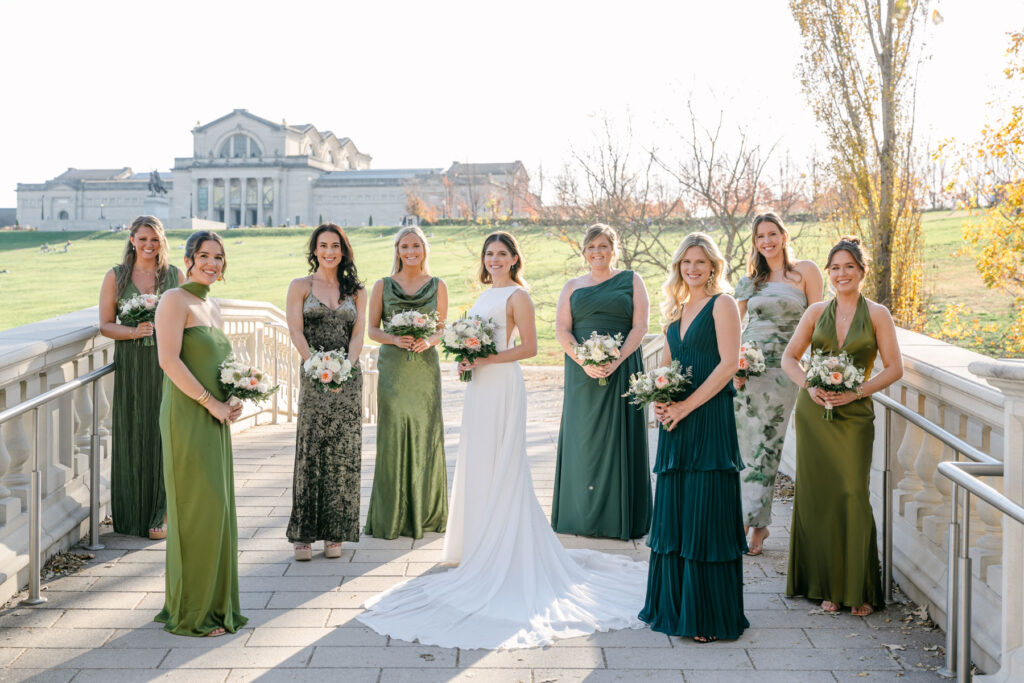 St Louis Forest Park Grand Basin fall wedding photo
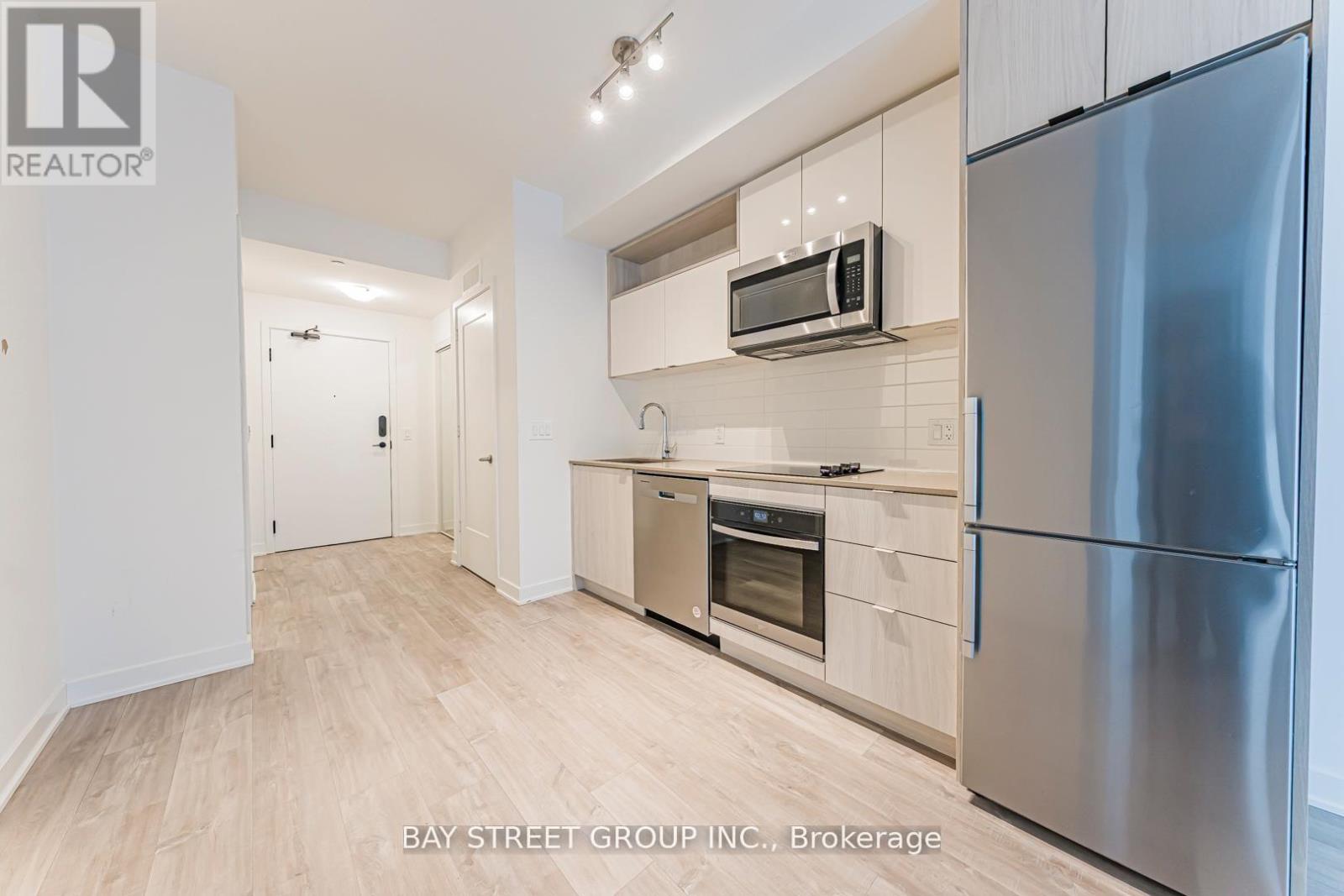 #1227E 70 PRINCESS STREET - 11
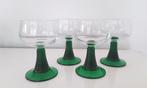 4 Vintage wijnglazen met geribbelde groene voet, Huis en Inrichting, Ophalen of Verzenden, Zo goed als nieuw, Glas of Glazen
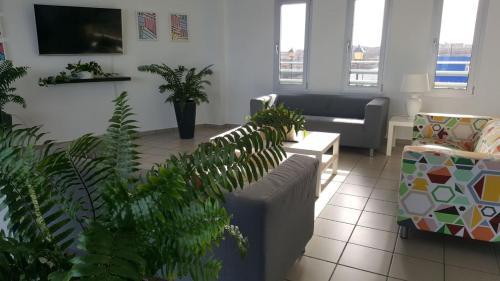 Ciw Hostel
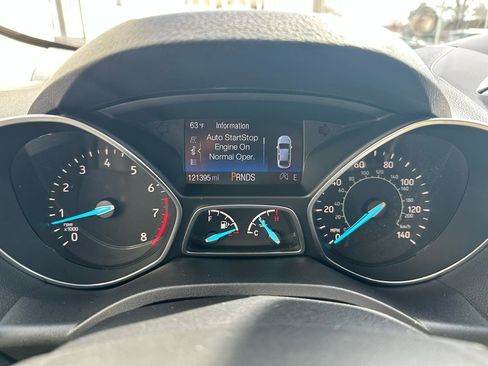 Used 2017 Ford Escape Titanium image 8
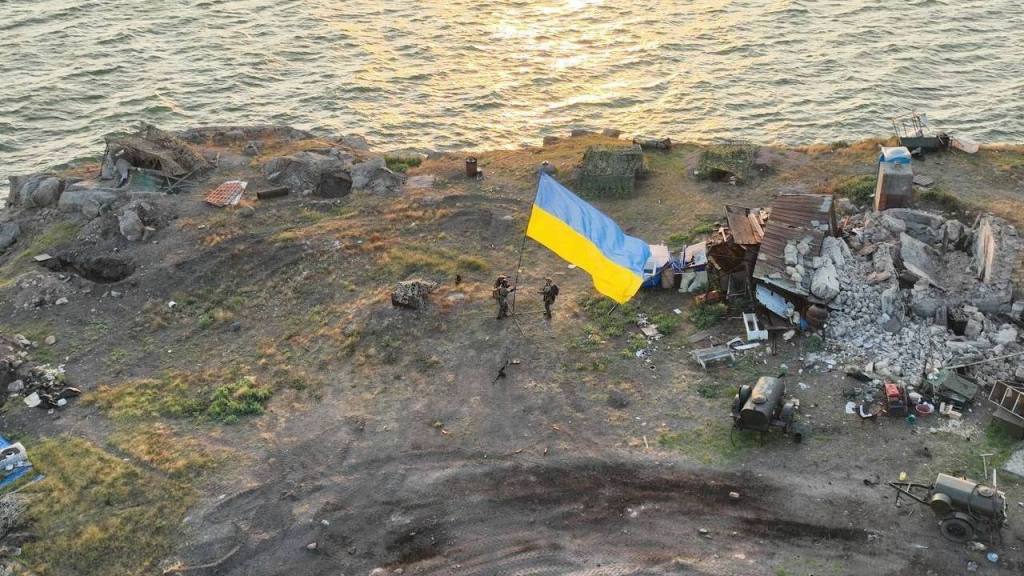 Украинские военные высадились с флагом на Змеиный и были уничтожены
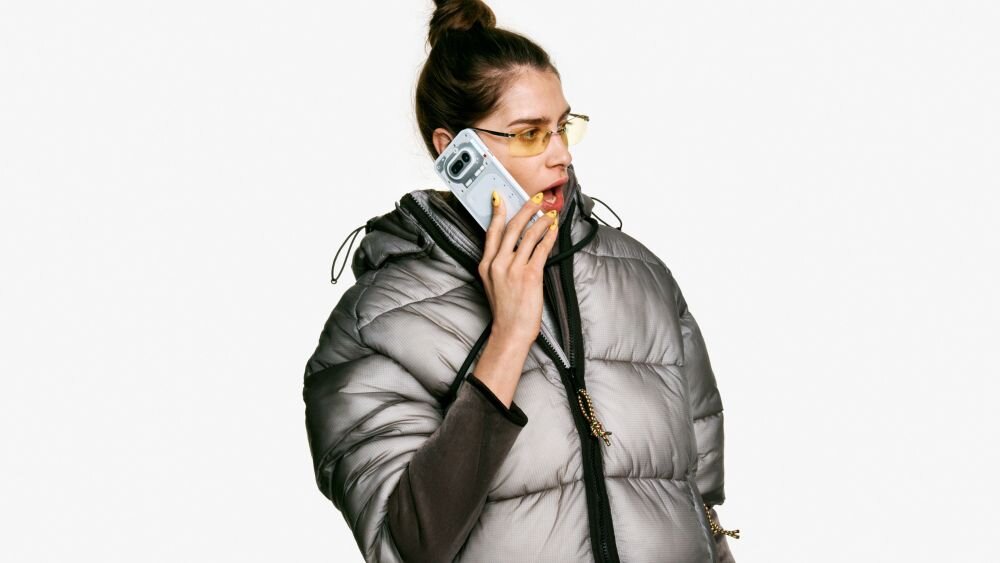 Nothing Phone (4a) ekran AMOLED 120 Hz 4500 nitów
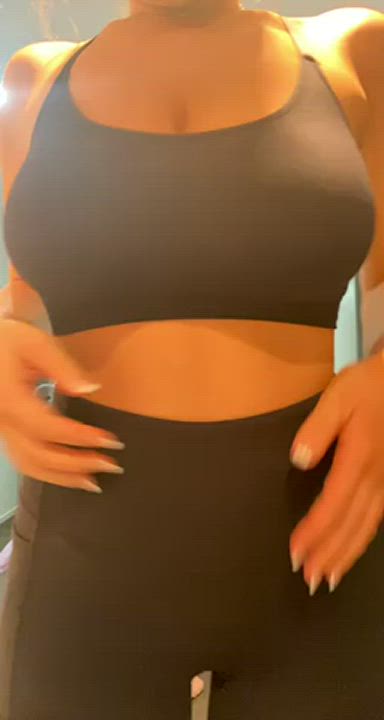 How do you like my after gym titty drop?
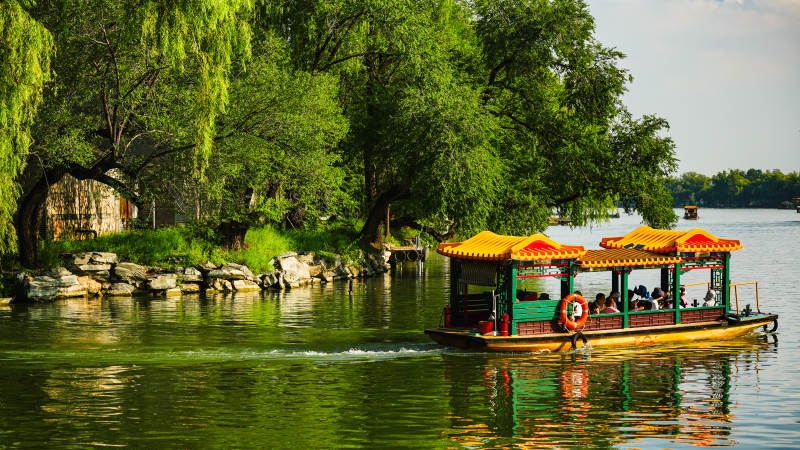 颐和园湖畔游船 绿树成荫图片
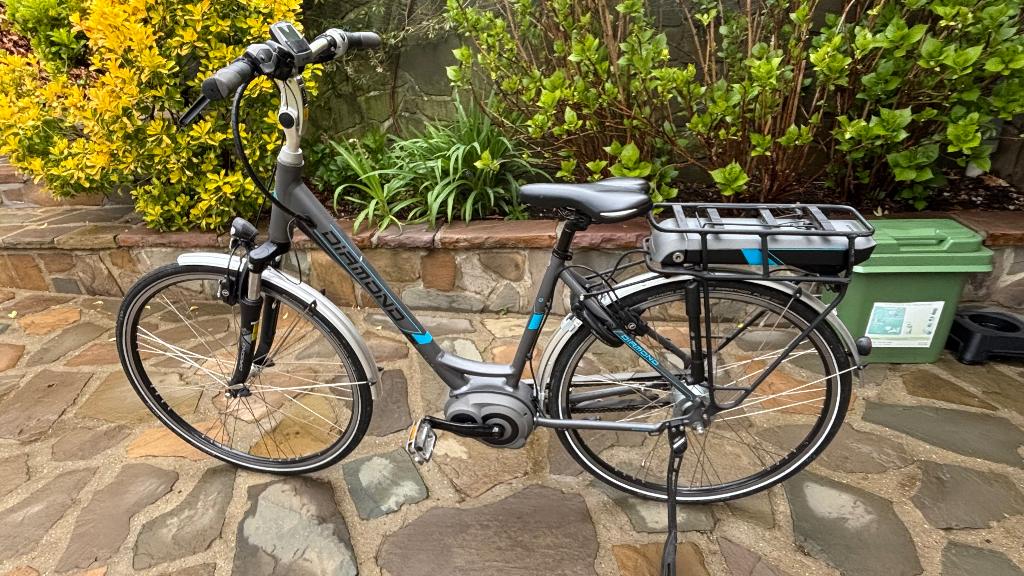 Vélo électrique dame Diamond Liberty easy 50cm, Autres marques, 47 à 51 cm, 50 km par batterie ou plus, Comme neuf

···

Problem to work on
Once you find the line that contains "Used 2017 Ford Escape Titanium image 8", reproduce it and every line after it through the end of the entries above, exactly as written, with no pictures.

Response to this task
 Used 2017 Ford Escape Titanium image 8
 Украинские военные высадились с флагом на Змеиный и были уничтожены
 Nothing Phone (4a) ekran AMOLED 120 Hz 4500 nitów
 How do you like my after gym titty drop?
 颐和园湖畔游船 绿树成荫图片
 Vélo électrique dame Diamond Liberty easy 50cm, Autres marques, 47 à 51 cm, 50 km par batterie ou plus, Comme neuf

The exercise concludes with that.